When \(0\leq \alpha ^{\ast }(h_{i},F)<1\) for i = 1, 2, i.e., when \(Rh_{i}\delta +\frac{1}{2}F\delta >(\pi _{m}-\pi _{n})>Rh_{i}\delta \) for both firms, the Pareto-dominant SPE is ((E NS),(E NS)) for \(p < min_{i\,=\,1,2} p^{\ast \ast }(F,h_{i}))\) and \(p < min_{i\,=\,1,2} p^{\ast }(F,h_{i},\alpha ),\) it is ((E S),(E S)) for \(p > max_{i\,=\,1,2} p^{\ast }(F,h_{i},\alpha )\) and \(\alpha > max_{i\,=\,1,2} a^{\ast }(F,h_{i}),\) while the unique SPE is (NE, NE) otherwise.
-
3.
When \(\alpha ^{\ast }(h_{i},F)<0\) for i = 1, 2, i.e., when \((\pi _{m}-\pi _{n})>Rh_{i}\delta +\frac{1}{2}F\delta \) for both firms, the Pareto-dominant SPE is ((E NS),(E NS)) for \(p < min_{i\,=\,1,2} p^{\ast }(F,h_{i},\alpha ),\) while the outcome with self-reporting arises otherwise.
Proof
See “Appendix 1”. \(\square\)
This proposition identifies the regions where the (Enter and Self-report), (Enter and Not Self-report), and (Not Enter) equilibria exist. Clearly, both parameters p and α influence the choice of the non-collusive strategy. Moreover, all three possible outcomes can arise in equilibrium only for intermediate range of profits, i.e., when \(Rh_{i}\delta +\frac{1}{2}F\delta >(\pi _{m}-\pi _{n})>Rh_{i}\delta\) for i = 1,2. For low gains from collusion, when (π m − π n ) < Rh i δ, i = 1, 2, a SPE where both firms choose to enter and self-report does not exist. While, when gains from collusion are high, \((\pi _{m}-\pi _{n})>Rh_{i}\delta +\frac{1}{2}F\delta ,i\,=\,1,2,\) a pure competitive SPE does not exist.
4 Optimal enforcement (implementing the competitive outcome)
This section provides an analysis of the enforcement strategies of an antitrust authority, which has the aim to prevent cartel formation in the industry. Here, we study the optimal enforcement policy in the game described in Sect. 3 The objective of benevolent antitrust authority is to maximize the discounted consumer surplus less the costs of control. Later, we will also consider the situation when the authority maximizes not only the discounted consumer surplus but also the amount of collected fines. It is generally assumed (see e.g., Motta and Polo 2003) that the costs of control and amount of fines are completely determined by parameter p. Hence, the enforcement strategies are determined mainly through the rate of law enforcement, p. Further, we assume that the fine is fixed and equals its legal upper bound. However, in our setting, there are two additional instruments that the antitrust authority can use to achieve the no-collusion outcome. One of them is leniency, i.e., the possibility of fine reduction if firms self-report; and the second is the strictness of leniency programs, or the possibility of getting complete exemption from the fine even in case simultaneous self-report occurs. These two instruments influence the amount of collected fines.
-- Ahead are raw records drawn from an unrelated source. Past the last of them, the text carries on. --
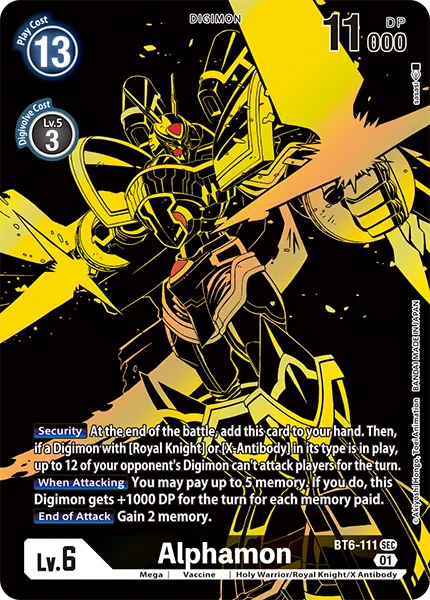 Alphamon &mdash; Digimon Card Game card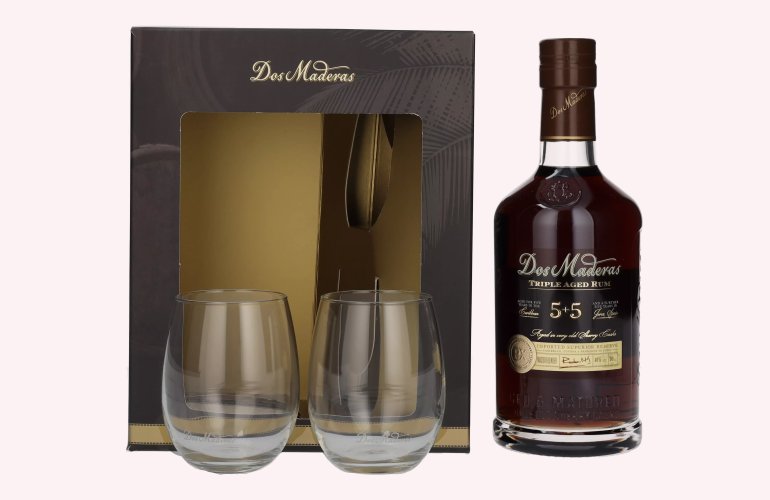 Dos Maderas PX 5+5 Years Old Triple Aged Spirit Drink 40% Vol. 0,7l in geschenkverpakking met 2 Bril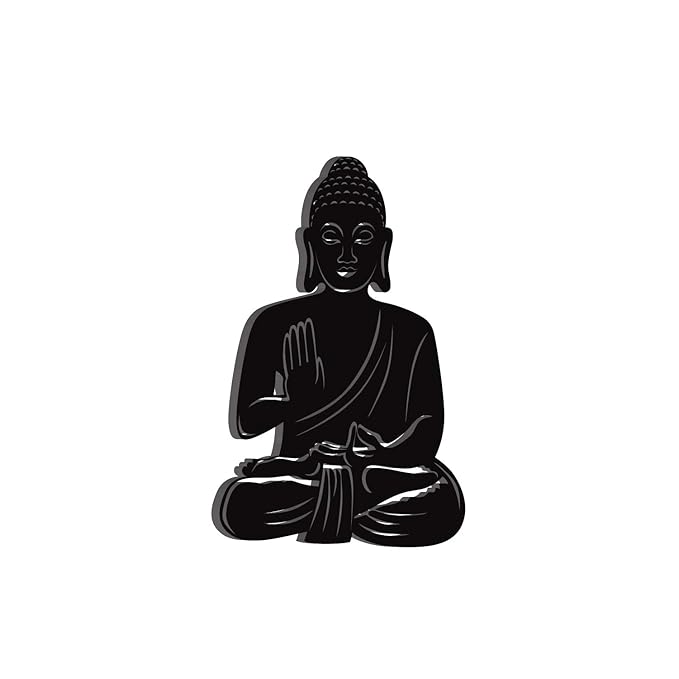 Ecraftindia Buddha Black Engineered Wood Wall Art Cutout | Ready to Hang Home Decor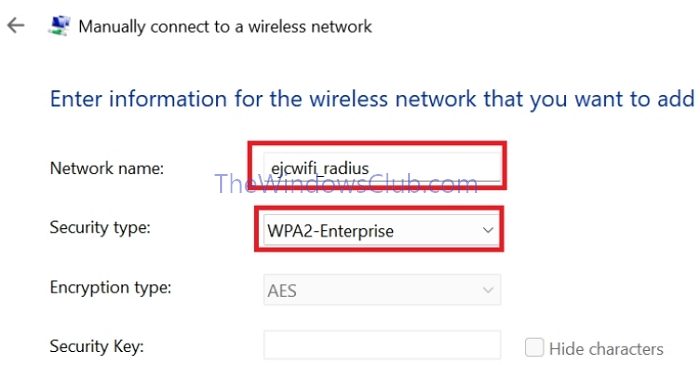 Wifi Setup Enter Network Details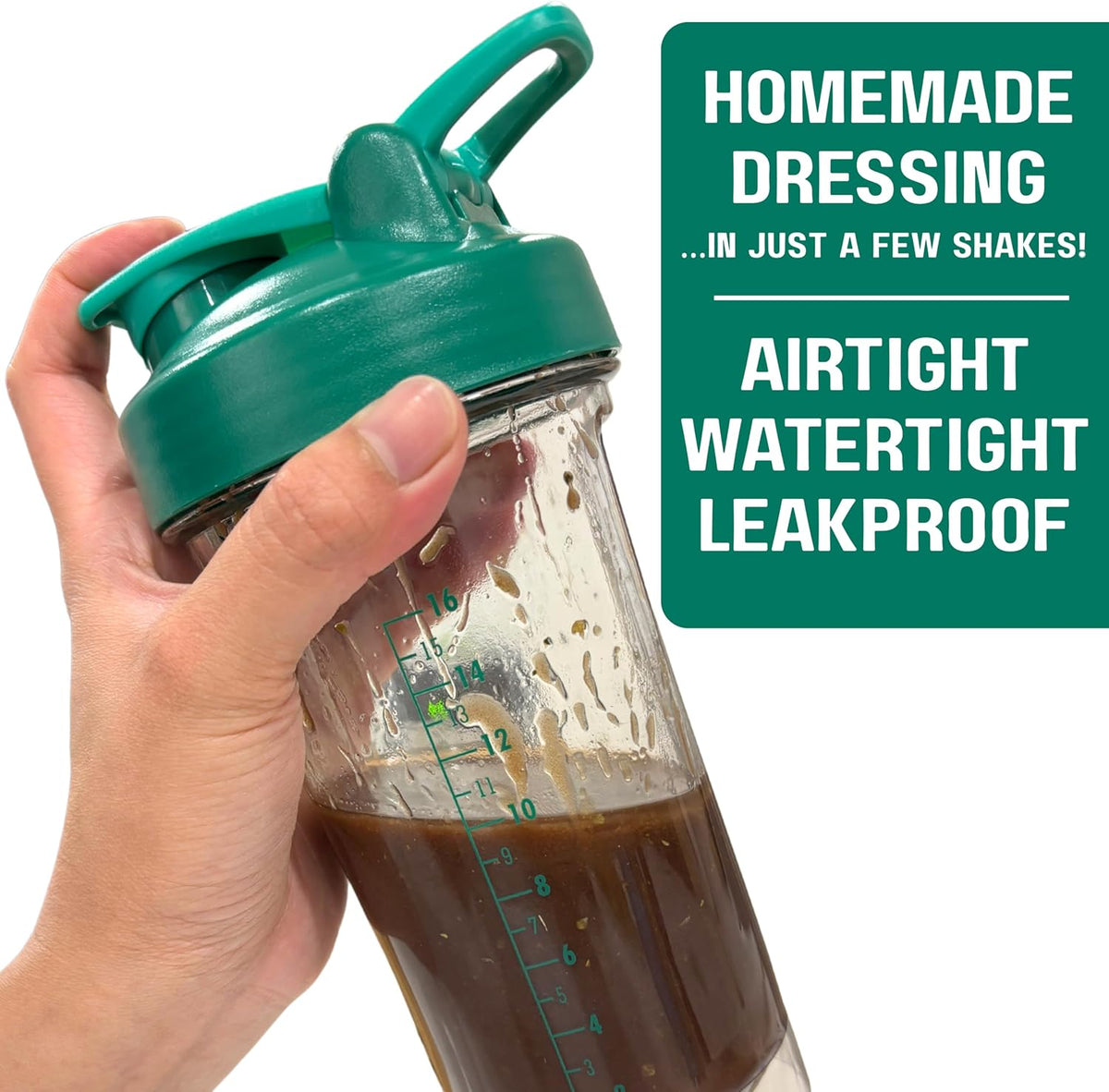 Salad Dressing Shaker Bottle with Recipe Cards | Just Measure to the Line and SHAKE! | Over 40 Chef-Inspired Recipes | Dressings, Sauces, Marinades, Dry Rubs | Nutrition Facts | BPA-Free Bottle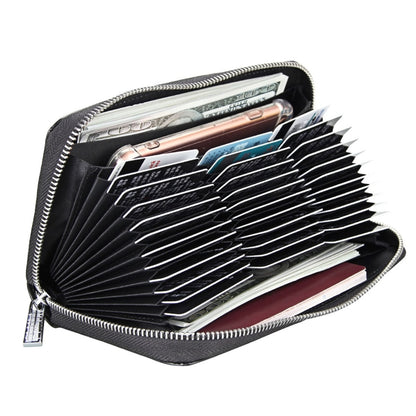 Antimagnetic RFID Large Capacity Long Style Genuine Leather Passport Package / Multifunctional and Many Card Slots Card Package(Black) - Antimagnetic RFID Package by buy2fix | Online Shopping UK | buy2fix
First, we consider the objective function of the benevolent regulator, who does not aim at maximization of collected fines. In this case, the objective function of the authority is as follows: \(W(p,\alpha )\,=\,\max_{p,\alpha }\{\frac{CS}{1-\delta }-C(p)\}\,=\,\frac{CS}{1-\delta }+\min_{p }\{C(p)\}\). This setup is widely used in the literature. See, for example Motta and Polo (2003). In addition, we also provide analysis of different setup, since it reflects better the real practice in some European competition authorities. In the Netherlands, for example, objective function of most law enforcement agencies includes maximization of collected fines. In the second setup, as the amount of collected fines also depend on the strictness of leniency programs, the antitrust authority maximizes the following objective function: \(W(p,\alpha )\,=\,\max_{p,\alpha }\{\frac{CS}{1-\delta }-C(p)+p\sum f_{i}(\alpha )\}\). In both setups, the aim of the authority is to maximize discounted stream of consumer benefits \(\frac{CS}{1-\delta }\).Footnote 21 The authority also wants to minimize the costs of control that are reflected in the term C(p), which serves as a generalized notation for accumulated costs of audit, where discounting is already taken into account. C(p) is assumed to be increasing and concave. In the second setup, we assume that the additional regulator’s aim is to maximize the amount of fines. This is reflected in the term p∑ f i (α), which serves as a generalized notation for expected accumulated collected fines. f(α) is assumed to be decreasing and concave function of α.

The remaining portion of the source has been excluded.